Blindly using "foreign" format text files on any system is not a good
idea.

 

[James Kuyper]

I'm one who would not readily change his mind, because (in
part) as things stand I can write stuff like:

const char *archiveFormats[] = {
#if CPIO_SUPPORTED
"cpio",
#endif
#if TAR_SUPPORTED
"tar",
#endif
#if ZIP_SUPPORTED
"ZIP",
#endif
#if APK_SUPPORTED
"apk",
#endif
};

It's *possible* to manage this sort of thing without introducing
an extra comma, but it's ugly as all-get-out:
[snip]

Try this, and then just always start at 1 instead of 0, and process until
you reach null:

const char *archiveFormats[] = {
null
#if CPIO_SUPPORTED
,"cpio"
#endif
#if TAR_SUPPORTED
,"tar"
#endif
#if ZIP_SUPPORTED
,"ZIP"
#endif
#if APK_SUPPORTED
,"apk"
#endif
,null
};

As he said: ugly. The two extra nulls (and "null" needs to be defined)
seem far worse to me than the extra comma - they survive into the object
file, and even into the final executable, taking up extra space. The
extra comma disappears during translation phase 7 and has no impact on
the actual executable.

 

[Keith Thompson]

I'm not sure I would've been keen on that idea. I would rather have
maintained it as a deprecated functionality that would have been
slated to be removed in a few version releases. The old compilers
could've generated object code in a particular version of a compiler
that could be maintained for backward compatibility without negating
the language in moving forward. My opinion.

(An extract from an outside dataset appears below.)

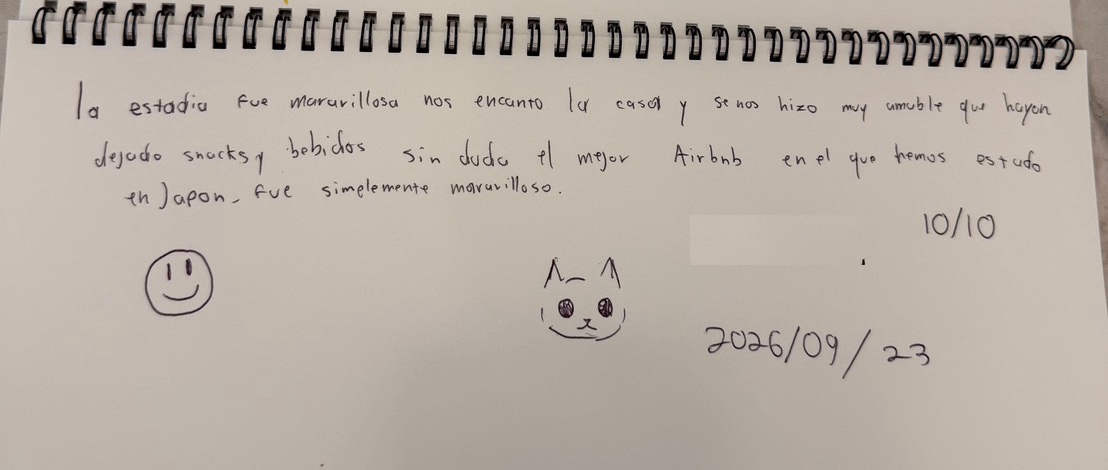 住客在留言本上的手寫西班牙文留言，附笑臉與小貓塗鴉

(Reformatting your long lines *again*.)

That's exactly what they did. I gave you a link to a recent draft
of the C standard. Take a look at section 6.11.6:

The use of function declarators with empty parentheses (not
prototype-format parameter type declarators) is an obsolescent
feature.

I'm personally not happy with how long it's taken to actually remove the
feature, but it's been officially obsolescent (which means that it may
be considered for withdrawal in future revisions of the standard) since
1989.

[...]

 

[Rick C. Hodgin]

Most if not all of the programmer's editors I've used on Windows
recognise Unix line endings and gcc on Unix recognises Windows endings.
Text mode is something of a curse!

Not all Unix tools tolerate Windows-style line endings. For example,
if you write:

if [ "$x" = 42 ] ; then
echo ok
fi

in a bash script, and the script file uses Windows-style line endings,
bash will complain that "then\r" is an unrecognized token. (Except that
it will print the "\r" literally, causing a very confusing error
message.)

Blindly using "foreign" format text files on any system is not a good
idea.

It's why my algorithm looks for \r or \n in any order, and then checks the
character after for the alternate (\r\n or \n\r combinations). If found,
it considers that grouping to be one newline. If not, it considers the single
character to be one newline. Then it continues parsing.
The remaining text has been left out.